(why I hate airports, part 1)
It was seven in the evening and my flight was only at eleven. There was a single agent at the check-in counters, and no one checking in. A maze of demarcated barriers outlined where one would usually queue, but I ducked under them.
“No, no,” someone said.
A very fat security officer had materialised from nowhere. She waved a gloved finger at me.
“Go back,” she insisted.
“Why?” I asked. “There’s no one here—”
She folded her arms across her vast bossom.
“Everyone follows the rules,” she added.
The gloves made her look like an overweight Mickey Mouse.
“Not everyone,” I tried. “I didn’t.”
Mickey pointed at the entrance of the maze. I walked back along it and then returned. When I finally reached the front again, Mickey insisted on checking my passport before I could proceed to the check-in counter.
“Why!?” I asked.
“I must check it,” she wheezed as she took my passport.
“What for? She’s going to check it anyway.”
I nodded in the direction of the woman at the check-in counter who was eyeing us with disinterest.
“It’s my job,” Mickey declared.
She fumbled with my passport, bent it open and folded the pages with her gloves.
“Why?” I pressed on. “Why check it here if she’s going to check it there?”
“I must check it,” Mickey droned and looked past me. “It’s my job.”

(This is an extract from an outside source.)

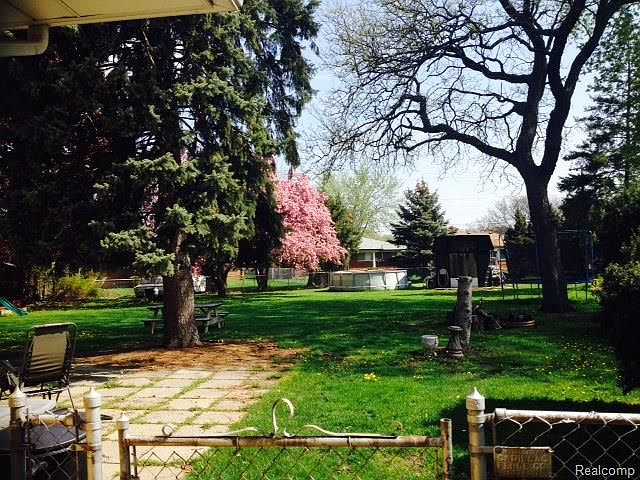 2nd image of 29432 Geraldine Dr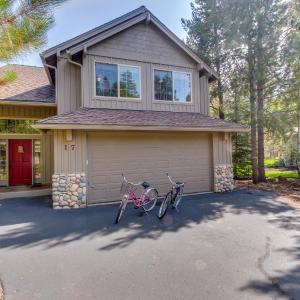 17 Camas Lane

“Well,” I said, “that’s a stupid job.”
Mickey looked at me and then she slowly walked away, taking my passport with her. I watched her as she waddled toward a little office, her gloves paddling at her sides as though she were swimming.
I started to sweat. I looked at the woman behind the check-in counter but she appeared to be removing something from her eye. A couple approached, ducked under the barriers and proceeded past me. A minute later I decided to follow Mickey. The little office door was closed and I knocked.
“Uh—um,” another security officer stroked her moustache behind me. “Can I help you?”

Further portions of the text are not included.